At last, the final piece of Playerunknown's Battlegrounds lore will fall into place when a 'Training Mode' map is added next month. Along with the oft-requested shooting range to test out weapons and figure out how the heck this whole 'ballistics' thing works, across four square kilometres it'll include shooting target courses, a spot to practice parachute drops, places to clamber around, tracks to race on, and at least one wikkid sikk loop-de-loop. 5-20 players will be able to train together, and it all looks pretty neat. And the lore? This is clearly the stag & hen outdoor activity centre which sparks a fatal misunderstanding.
The training facility will include a kilometre-long shooting shooting range, a number of moving and static targets around the place, interesting objects to clamber up, targets to whack, race tracks and courses for vehicles (with jumps), water for playing with boats (hell yes including jumps), and an area to practice parachuting. And, obvs, tables covered in guns and ammo and weapon attachments and knives and pans and grenades and Molotov cocktails and all that.

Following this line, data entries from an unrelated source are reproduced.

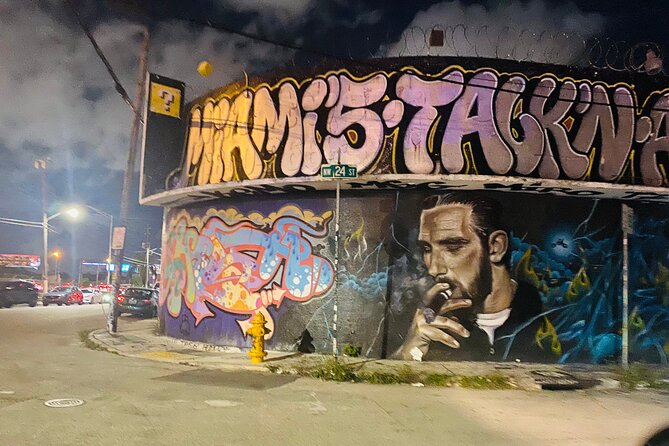 Wynwood Graffiti Golf Cart Tour After Dark - The Museum of Graffiti from the outside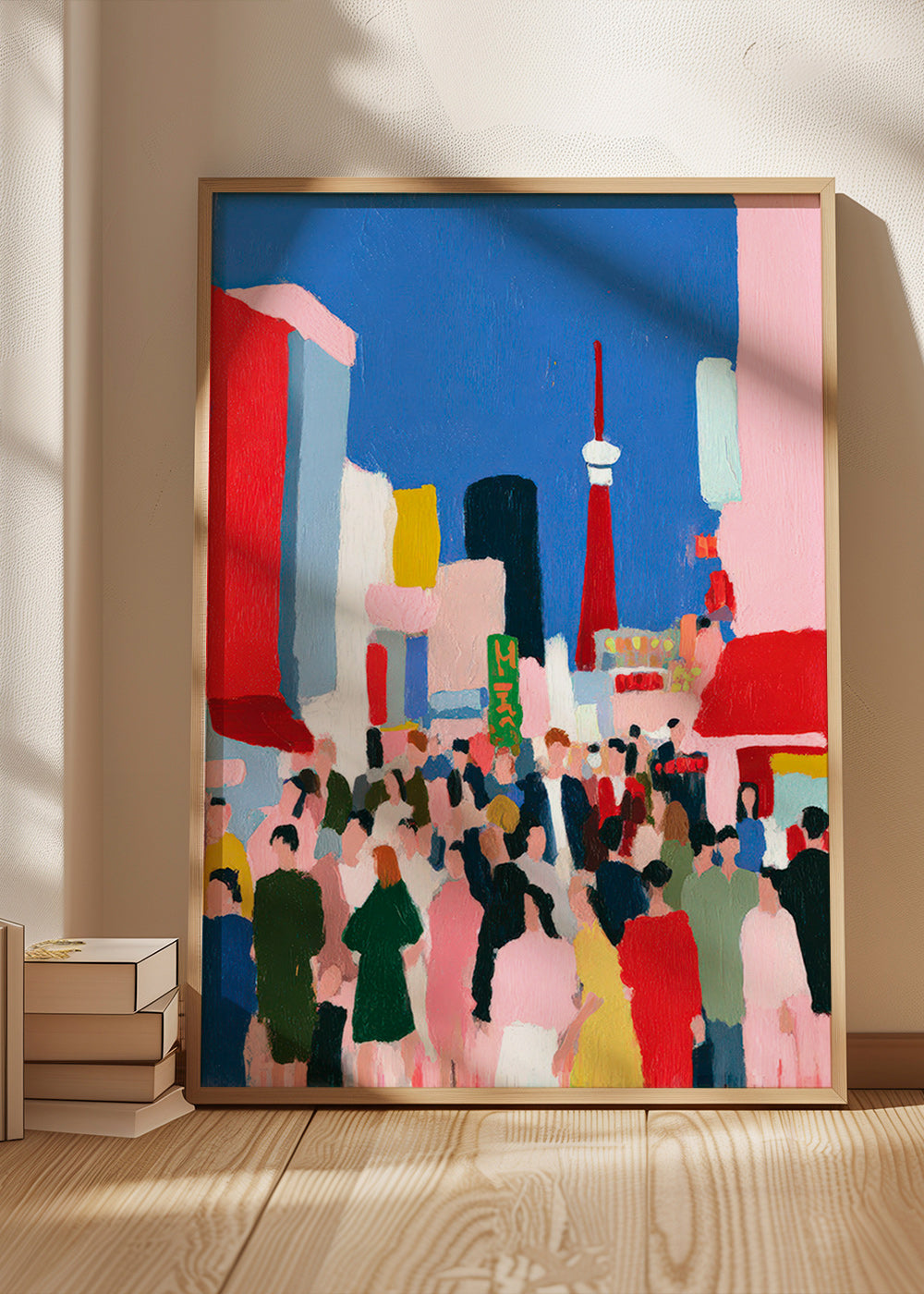 Poster di città Tokyo a colori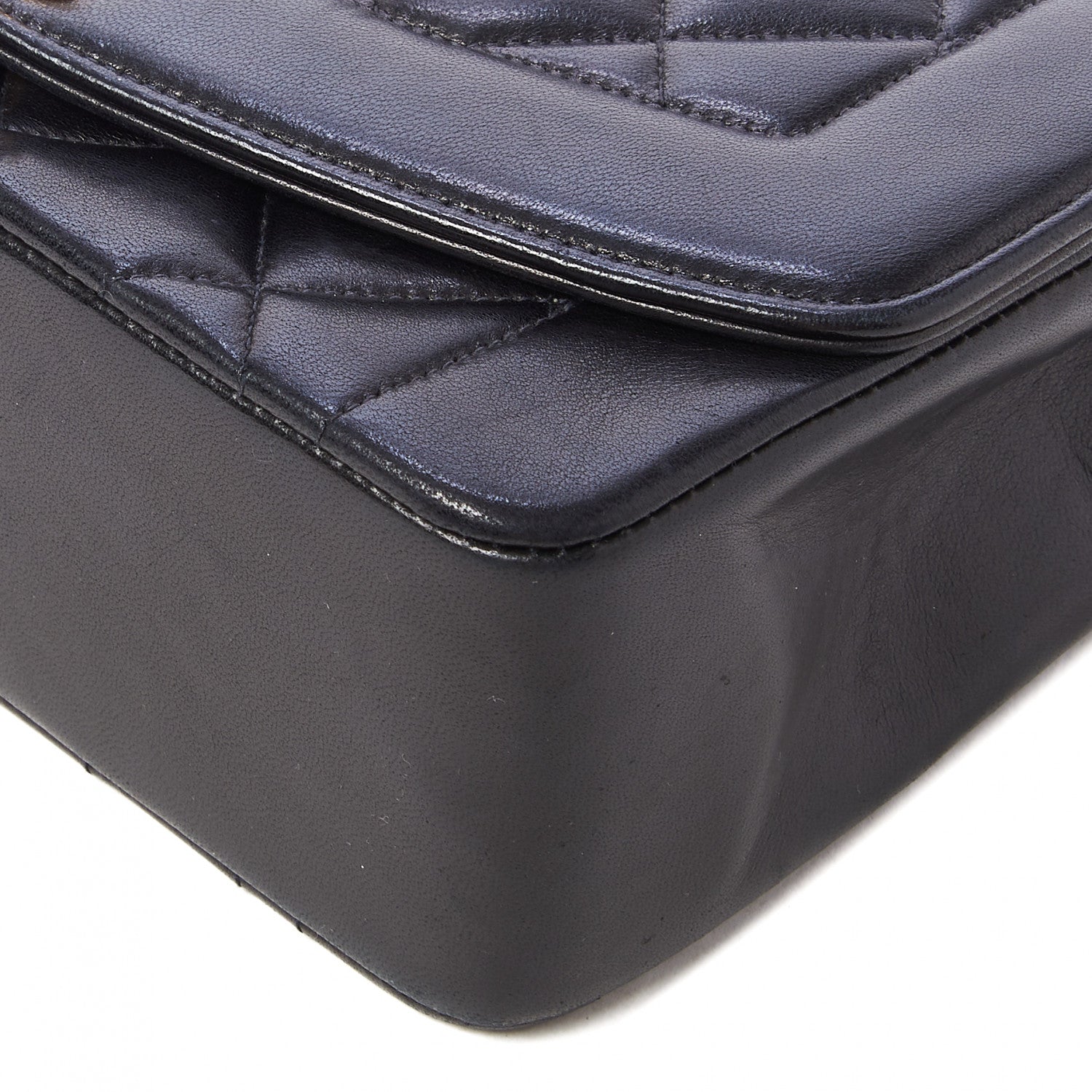 Chanel Lambskin Quilted Small Single Flap Black 4 of 9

"Training Mode was designed from the very beginning to have a living map - with room to introduce new areas as well as ideas players want to see implemented in the future," Dave Osei, senior designer at the PUBG Madison team behind this, said in today's announcement.
"We wanted to go beyond what players were asking for, so we didn’t want the map to be just a shooting range, but an open, living map where players can test a variety of skills to their heart's content."
And the lore? We all know that we play as revellers on exotic stag & hen weekends, who come to play hard, drink hard, go hard with the other bloody legends at the hotel, and live their last free days on this Earth to the fullest. So how do they end up murdering each other to pieces? Because, we now know, the night before they were having a whale of a time down a stag & hen activity centre with races, parachuting, and Airsoft guns. With shots as prizes (and forfeits) for each of the challenges and a pub crawl to follow, they end up drunk as hell, raise hell, black out, then wake up still hammered on a plane.
Not knowing they were in the process of being deported for the previous night's debauchery, their bleary brains assume they're about to parachute back into the outdoor activity centre. Everyone bail out for another day's shootfun, lads, and the last one standing wins a four-piece chicken & chips down Stepney Fried Chicken.
With the lore now complete, a movie can't be far behind.